Convert Roman Numerals by Recursion
The algorithm is able to handle numerals in irregular subtractive notation (f.e. XIIX).
This implementation may only work with well-formed (strings matching /[mdclxvi]*/i) roman numerals.
The implementation is not optimized for speed.
// returns the value for a roman literal
private static int romanValue(int index)
{
int basefactor = ((index % 2) * 4 + 1); // either 1 or 5...
// ...multiplied with the exponentation of 10, if the literal is `x` or higher
return index > 1 ? (int) (basefactor * System.Math.Pow(10.0, index / 2)) : basefactor;
}
public static int FromRoman(string roman)
{
roman = roman.ToLower();
string literals = "mdclxvi";
int value = 0, index = 0;
foreach (char literal in literals)
{
value = romanValue(literals.Length - literals.IndexOf(literal) - 1);
index = roman.IndexOf(literal);
if (index > -1)
return FromRoman(roman.Substring(index + 1)) + (index > 0 ? value - FromRoman(roman.Substring(0, index)) : value);
}
return 0;
}
Try it using this .Netfiddle: https://dotnetfiddle.net/veaNk3
How does it work?
This algorithm calculates the value of a Roman Numeral by taking the highest value from the Roman Numeral and adding/subtracting recursively the value of the remaining left/right parts of the literal.
ii X iiv # Pick the greatest value in the literal `iixiiv` (symbolized by uppercase)

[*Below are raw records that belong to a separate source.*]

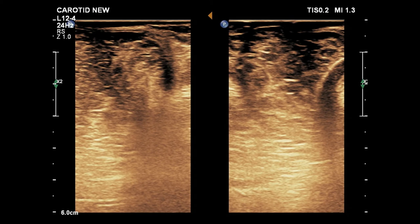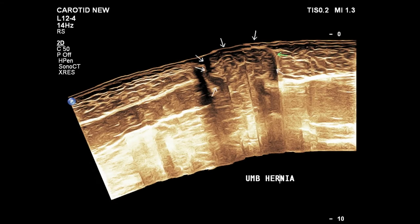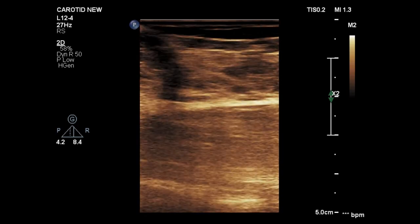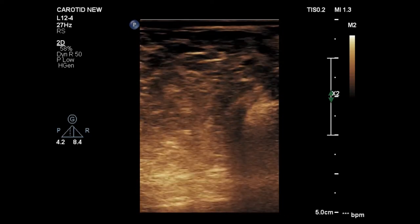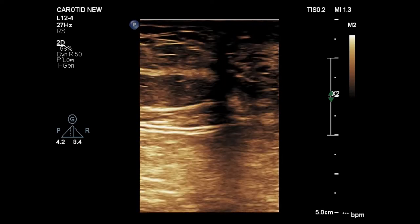Again, you can see the herniated contents coming from the abdominal cavity to the superficial region. This is a panoramic view showing the umbilical hernia of this patient. This area represents the umbilical hernia. Now let's see this case in real time. While scanning the superficial region, there is a herniated content — we can see it at the subcutaneous layer coming out of the abdominal cavity.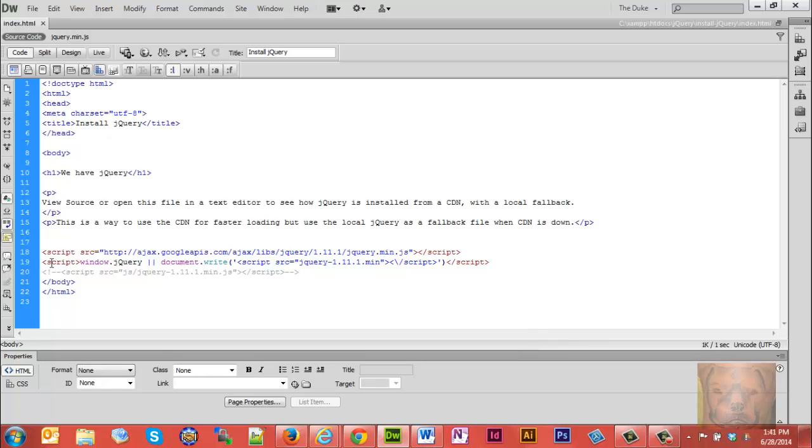If the CDN is working, the bottom one does nothing. If the CDN is not working, the bottom one calls the version on your site. This is what we call a fallback.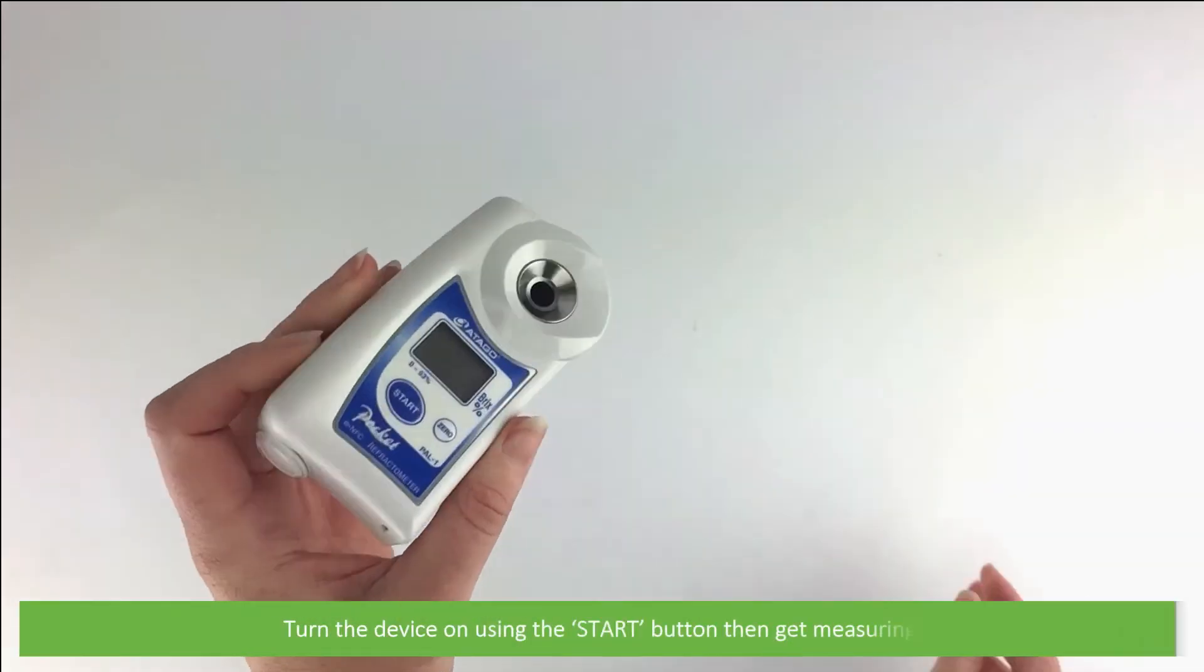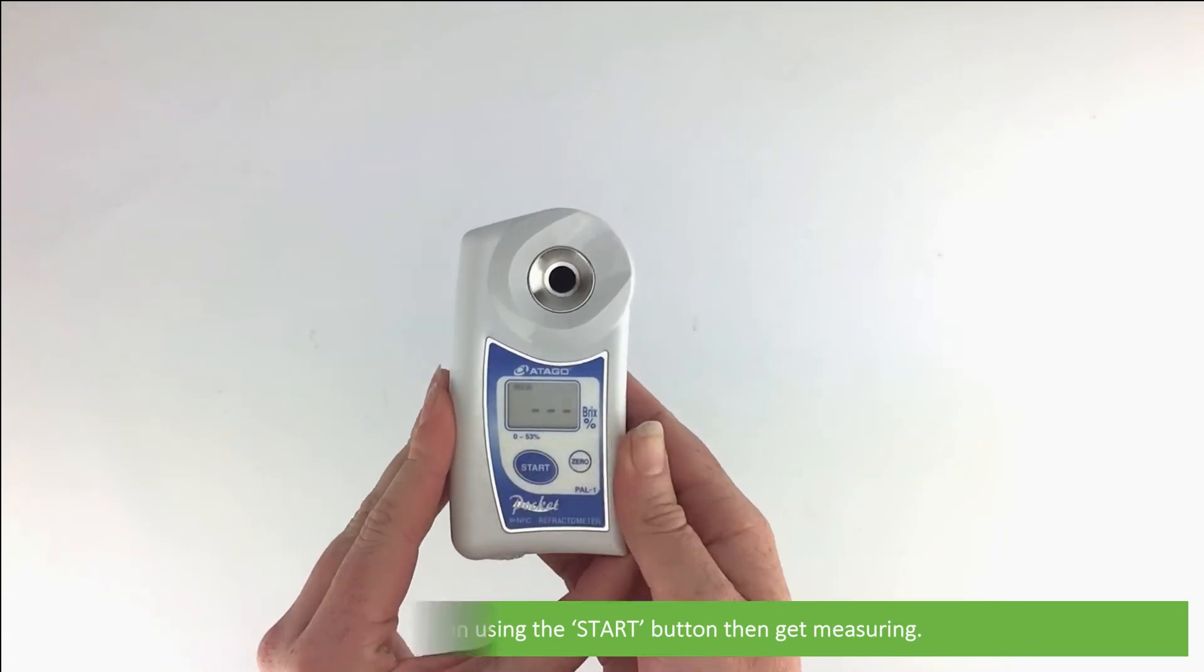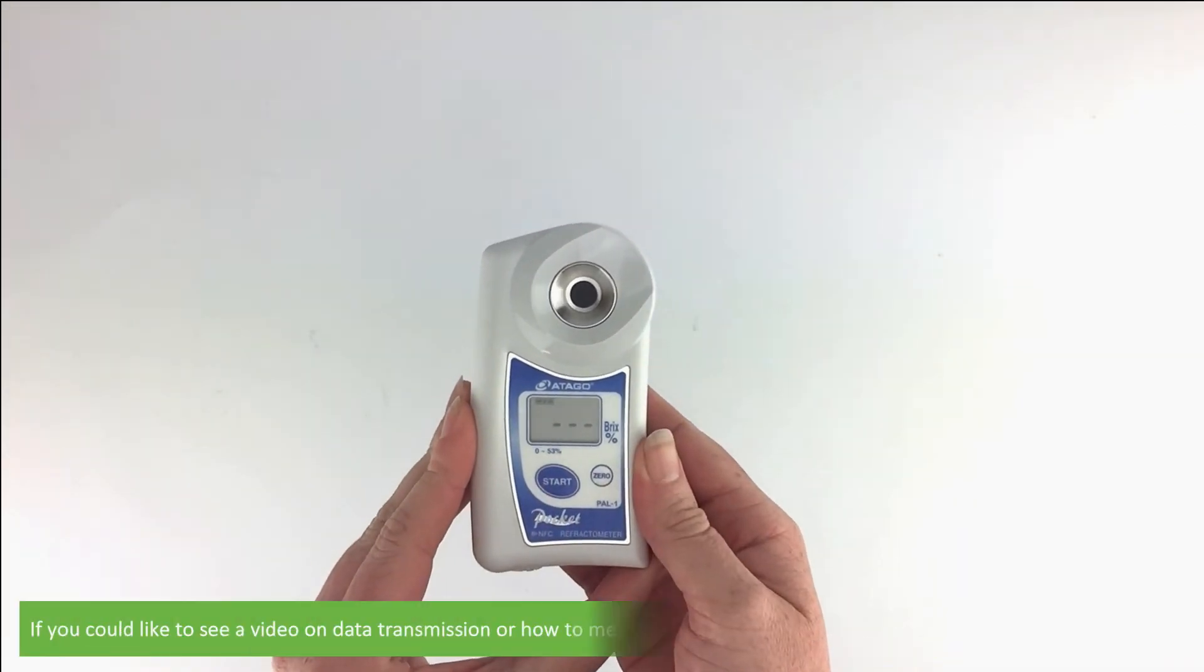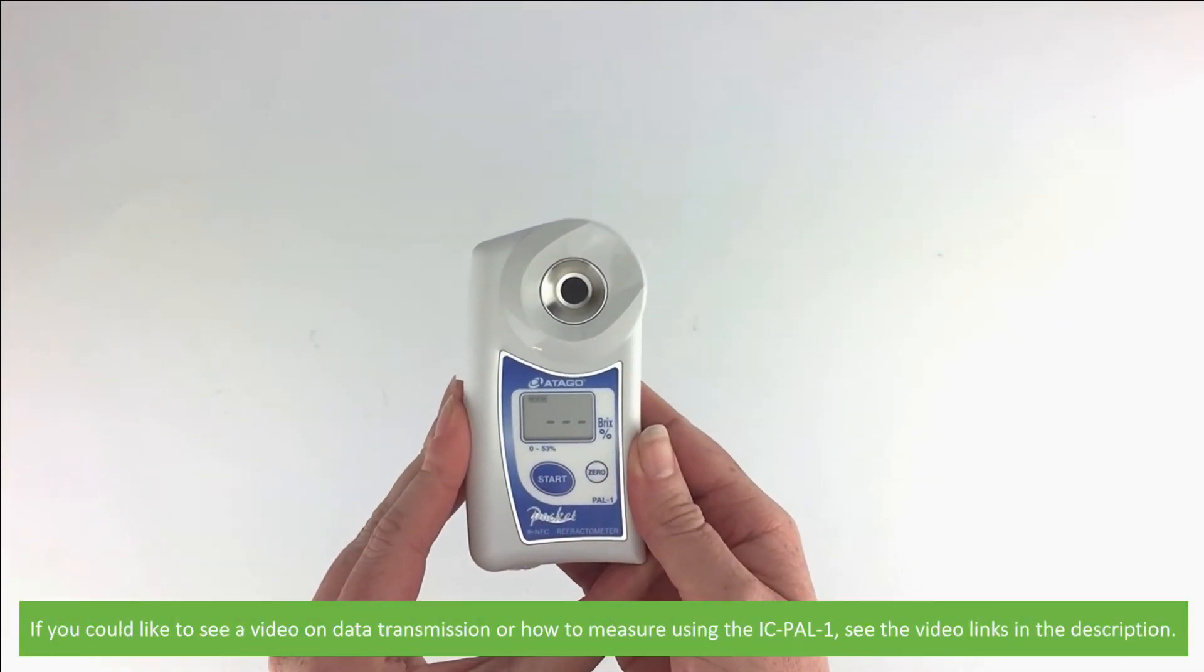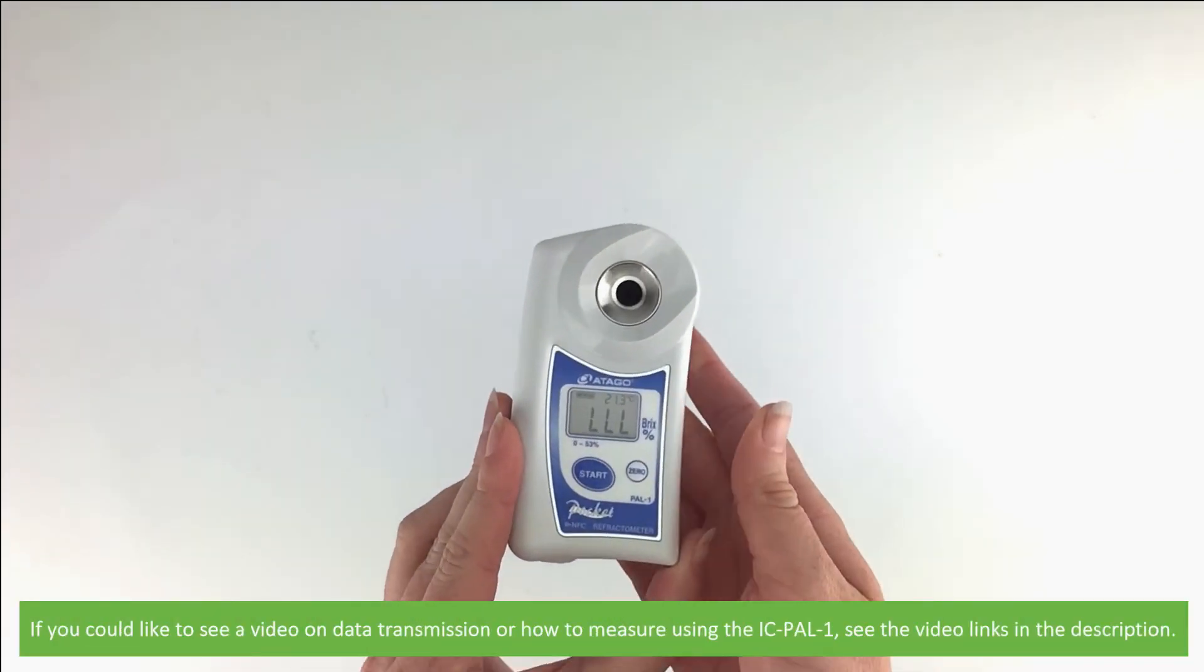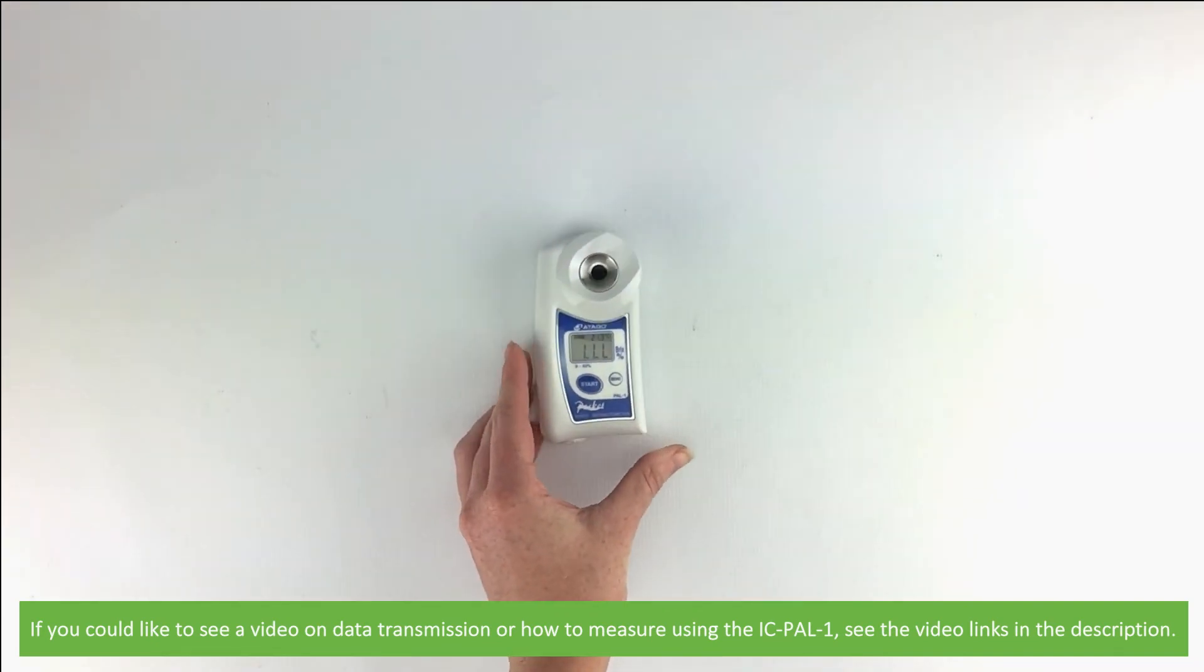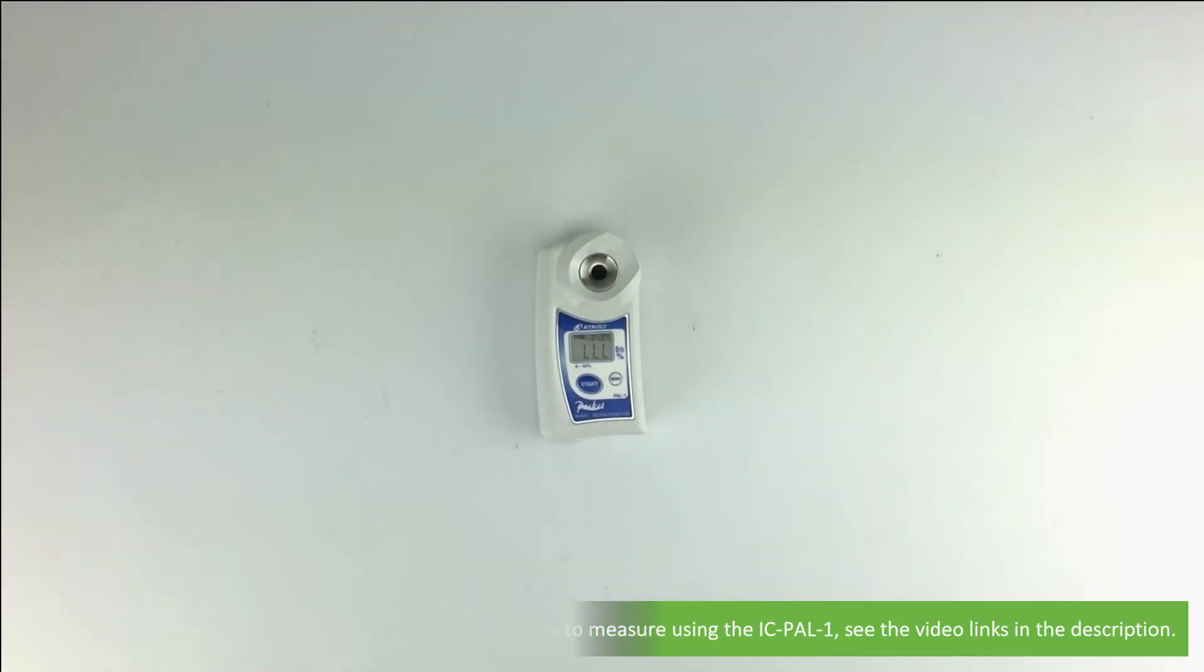Turn on the device using the start button, then get measuring. If you'd like to see a video on data transmission or how to measure using the IC PAL-1, see the video links in the description.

Then recursively reevaluate and subtract the lefthand-side and add the righthand-side:
(iiv) + x - (ii) # Subtract the lefthand-side, add the righthand-side
(V - (ii)) + x - ((I) + i) # Pick the greatest values, again
(v - ((I) + i)) + x - ((i) + i) # Pick the greatest value of the last numeral compound
Finally the numerals are substituted by their integer values:
(5 - ((1) + 1)) + 10 - ((1) + 1)
(5 - (2)) + 10 - (2)
3 + 10 - 2
= 11
I wrote a simple Roman Numeral Converter just now, but it doesn't do a whole lot of error checking, but it seems to work for everything I could throw at it that is properly formatted.
public class RomanNumber
{
public string Numeral { get; set; }
public int Value { get; set; }
public int Hierarchy { get; set; }
}
public List<RomanNumber> RomanNumbers = new List<RomanNumber>
{
new RomanNumber {Numeral = "M", Value = 1000, Hierarchy = 4},
//{"CM", 900},
new RomanNumber {Numeral = "D", Value = 500, Hierarchy = 4},
//{"CD", 400},
new RomanNumber {Numeral = "C", Value = 100, Hierarchy = 3},
//{"XC", 90},
new RomanNumber {Numeral = "L", Value = 50, Hierarchy = 3},
//{"XL", 40},
new RomanNumber {Numeral = "X", Value = 10, Hierarchy = 2},
//{"IX", 9},
new RomanNumber {Numeral = "V", Value = 5, Hierarchy = 2},
//{"IV", 4},
new RomanNumber {Numeral = "I", Value = 1, Hierarchy = 1}
};
/// <summary>
/// Converts the roman numeral to int, assumption roman numeral is properly formatted.
/// </summary>
/// <param name="romanNumeralString">The roman numeral string.</param>
/// <returns></returns>
private int ConvertRomanNumeralToInt(string romanNumeralString)
{
if (romanNumeralString == null) return int.MinValue;
var total = 0;
for (var i = 0; i < romanNumeralString.Length; i++)
{
// get current value
var current = romanNumeralString[i].ToString();
var curRomanNum = RomanNumbers.First(rn => rn.Numeral.ToUpper() == current.ToUpper());
// last number just add the value and exit
if (i + 1 == romanNumeralString.Length)
{
total += curRomanNum.Value;
break;
}
// check for exceptions IV, IX, XL, XC etc
var next = romanNumeralString[i + 1].ToString();
var nextRomanNum = RomanNumbers.First(rn => rn.Numeral.ToUpper() == next.ToUpper());
// exception found
if (curRomanNum.Hierarchy == (nextRomanNum.Hierarchy - 1))
{
total += nextRomanNum.Value - curRomanNum.Value;
i++;
}
else
{
total += curRomanNum.Value;
}
}
return total;
}
private static int convertRomanToInt(String romanNumeral)
{
Dictionary<Char, Int32> romanMap = new Dictionary<char, int>
{
{'I', 1 },
{'V', 5},
{'X', 10},
{'L', 50},
{'C', 100},
{'D', 500},
{'M', 1000}
};
Int32 result = 0;
for (Int32 index = romanNumeral.Length - 1, last = 0; index >= 0; index--)
{
Int32 current = romanMap[romanNumeral[index]];
result += (current < last ? -current : current);
last = current;
}
return result;
}
With Humanizer library you can change Roman numerals to numbers using the FromRoman extension
"IV".FromRoman() => 4
And reverse operation using the ToRoman extension.
4.ToRoman() => "IV"
Borrowed a lot from System.Linq on this one. String implements IEnumerable<char>, so I figured that was appropriate since we are treating it as an enumerable object anyways. Tested it against a bunch of random numbers, including 1, 3, 4, 8, 83, 99, 404, 555, 846, 927, 1999, 2420.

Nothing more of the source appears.